Kolyma
Treinta kilómetros al norte de Magadan
Diecisiete kilómetros al sur del gulag 57
10 de Abril
El nivel de las nubes había caído mil metros y ocultaba la vista. Gotitas plateadas colgaban en el aire —una niebla en parte hielo, en parte agua, en parte magia—, de las que surgía la monótona carretera metro a metro, una alfombra gris, irregular, que se desplegaba ante ellos. El camión avanzaba lentamente. Frustrado por el retraso adicional, Timur miró su reloj; había olvidado que estaba roto, que la tormenta lo había destrozado. Colgaba inútil de su muñeca, con el cristal quebrado y el mecanismo estropeado por el agua salada. Se preguntó si tendría arreglo. Su padre decía que era una herencia familiar. Timur sospechaba que era mentira y que era el modo en que su progenitor, un hombre orgulloso, había disfrazado el regalo de un reloj de segunda mano que había hecho a su hijo por su dieciocho cumpleaños. Fue a causa de la mentira, y no a pesar de ella, por lo que el reloj se convirtió en la posesión más preciada de Timur. Cuando su hijo mayor cumpliera dieciocho años pensaba regalárselo, aunque aún no había decidido si explicarle la importancia sentimental de la mentira o limitarse a perpetuar la mitología de sus orígenes.

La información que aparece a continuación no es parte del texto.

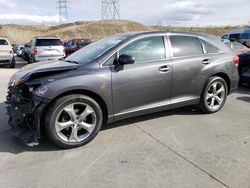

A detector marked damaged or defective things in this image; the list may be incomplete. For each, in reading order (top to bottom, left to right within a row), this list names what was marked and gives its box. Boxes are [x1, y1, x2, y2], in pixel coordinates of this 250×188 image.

A pesar del retraso, Timur se consolaba al pensar que no había sido enviado de regreso por el mar de Ojotsk en el viaje de vuelta hasta Buchta Nakhodka. La noche anterior estaba a bordo del Stary Bolshevik y el barco se encontraba listo para zarpar: se había reparado la bodega, habían bombeado el agua y los prisioneros recién liberados habían subido a bordo, con los rostros ansiosos por contemplar la libertad. Incapaz de ver una salida a su difícil situación, Timur se había quedado paralizado en el muelle, observando a los trabajadores del puerto cómo soltaban amarras. Al cabo de dos minutos más, el barco estaría en el mar y él no podría llegar al Gulag 57 antes de un mes.
Desesperado, Timur fue hasta el puente del capitán con la esperanza de que la propia fuerza de las circunstancias lo inspirase para encontrar una excusa plausible. Cuando el capitán se volvió hacia él, soltó:
—Tengo que decirle algo.
Como era muy mal mentiroso, recordó que siempre era mejor contar una versión de la verdad.
—No soy un verdadero guardia. Trabajo para el MVD. Me han enviado aquí para revisar los cambios de la puesta en práctica del sistema según el discurso de Jruschev. He visto bastante del modo en que se dirige este barco.
Ante la mera mención del discurso, el capitán palideció.
—¿He hecho algo mal?
—Me temo que el contenido de mi informe es secreto.
—Pero el viaje hasta aquí, las cosas que ocurrieron, no fueron culpa mía. Por favor, si entrega un informe en el que dice que perdí el control del barco…
Timur se maravilló ante el poder de su excusa. El capitán se acercó, con voz implorante:
—Nadie podía haber previsto que el muro de separación se rompería. No me haga perder el trabajo. No puedo encontrar otro. ¿Quién trabajaría conmigo sabiendo lo que hacía para ganarme la vida? ¿Llevar un barco de prisioneros? Me odiarían. Éste es el único sitio para mí. Aquí es donde pertenezco. Por favor, no tengo ningún otro lugar al que ir.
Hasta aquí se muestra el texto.